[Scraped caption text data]
------------------------------------------------------------------------

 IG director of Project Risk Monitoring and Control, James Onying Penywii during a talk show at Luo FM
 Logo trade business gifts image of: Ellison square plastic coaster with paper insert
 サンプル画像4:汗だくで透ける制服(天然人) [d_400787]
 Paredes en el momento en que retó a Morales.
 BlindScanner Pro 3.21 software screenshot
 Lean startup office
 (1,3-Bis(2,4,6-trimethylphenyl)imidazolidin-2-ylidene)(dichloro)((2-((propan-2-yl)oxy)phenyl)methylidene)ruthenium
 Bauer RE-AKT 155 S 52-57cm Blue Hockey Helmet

------------------------------------------------------------------------

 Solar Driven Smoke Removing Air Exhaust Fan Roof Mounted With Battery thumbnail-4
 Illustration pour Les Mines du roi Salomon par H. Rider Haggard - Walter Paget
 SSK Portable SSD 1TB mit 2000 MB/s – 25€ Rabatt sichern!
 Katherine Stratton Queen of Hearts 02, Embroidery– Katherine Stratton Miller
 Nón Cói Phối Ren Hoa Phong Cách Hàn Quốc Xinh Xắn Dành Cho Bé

------------------------------------------------------------------------

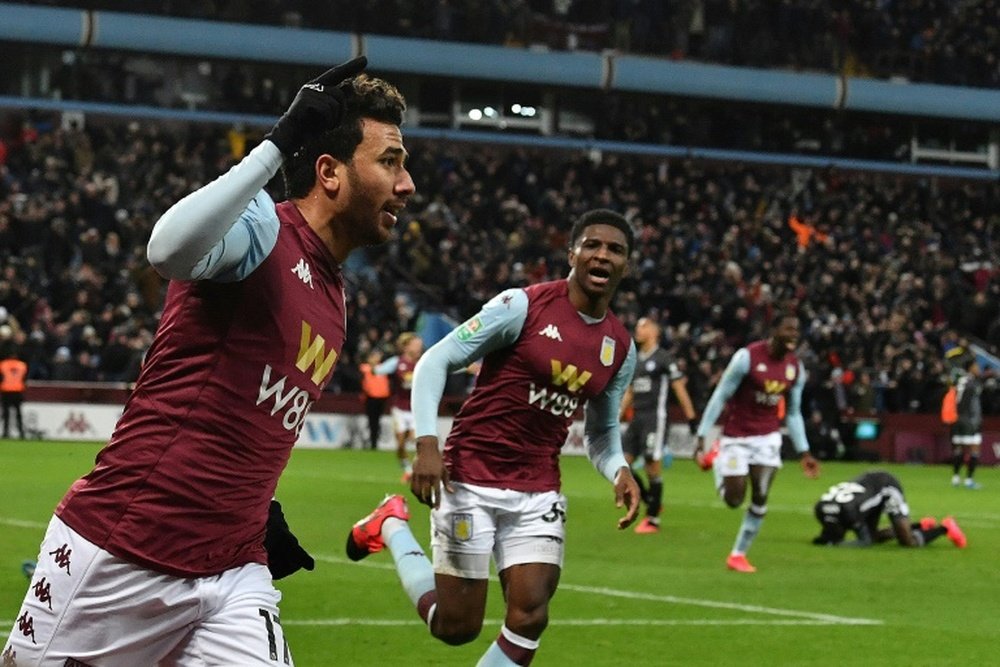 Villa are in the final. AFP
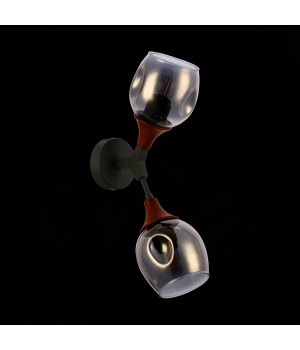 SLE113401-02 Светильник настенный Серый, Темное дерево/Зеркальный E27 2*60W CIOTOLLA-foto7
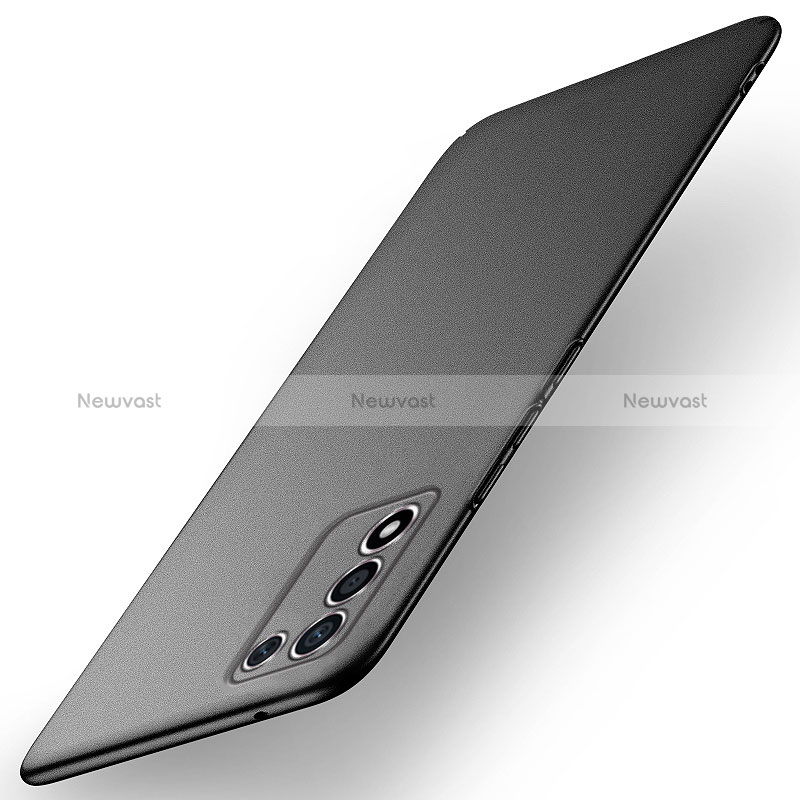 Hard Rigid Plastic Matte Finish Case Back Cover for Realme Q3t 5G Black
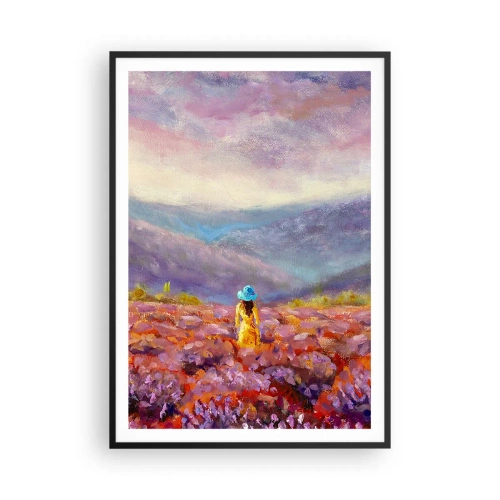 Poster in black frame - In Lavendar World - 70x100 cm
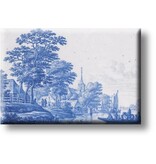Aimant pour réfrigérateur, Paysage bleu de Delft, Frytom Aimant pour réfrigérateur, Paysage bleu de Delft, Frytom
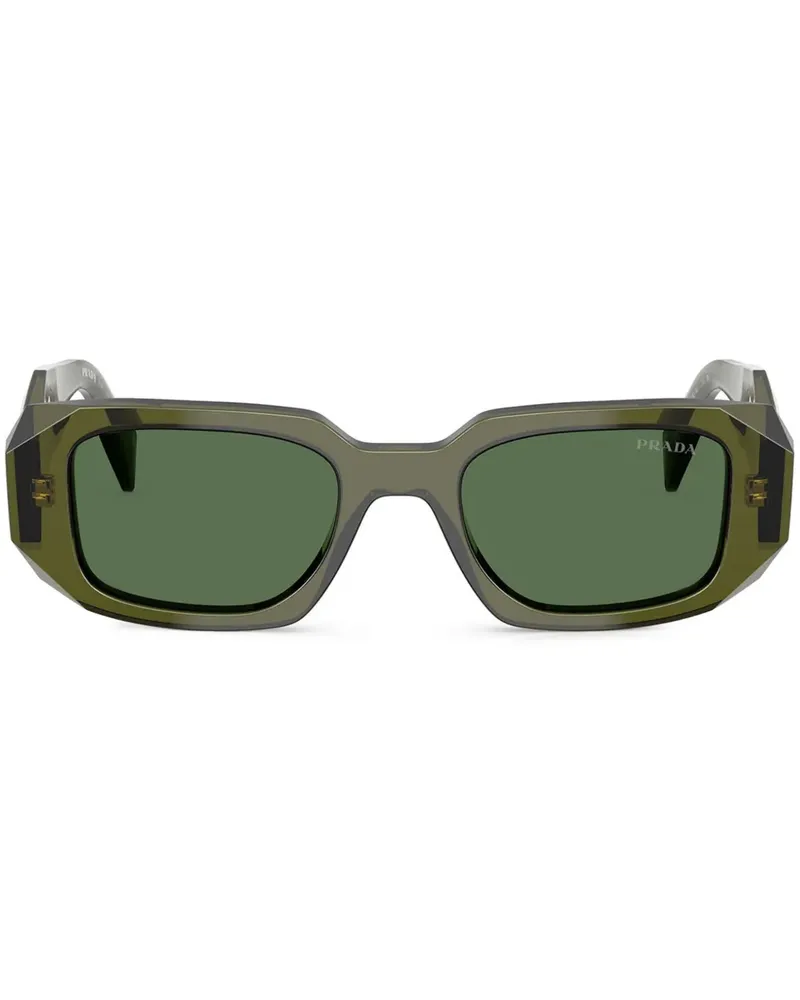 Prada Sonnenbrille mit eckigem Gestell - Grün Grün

------------------------------------------------------------------------

#### WORK TO COMPLETE
Set down again, word for word, the stretch of records from the line with "Illustration pour Les" to the line with "Nón Cói Phối", both of those lines included.

#### SOLUTION BELOW
 Illustration pour Les Mines du roi Salomon par H. Rider Haggard - Walter Paget
 SSK Portable SSD 1TB mit 2000 MB/s – 25€ Rabatt sichern!
 Katherine Stratton Queen of Hearts 02, Embroidery– Katherine Stratton Miller
 Nón Cói Phối Ren Hoa Phong Cách Hàn Quốc Xinh Xắn Dành Cho Bé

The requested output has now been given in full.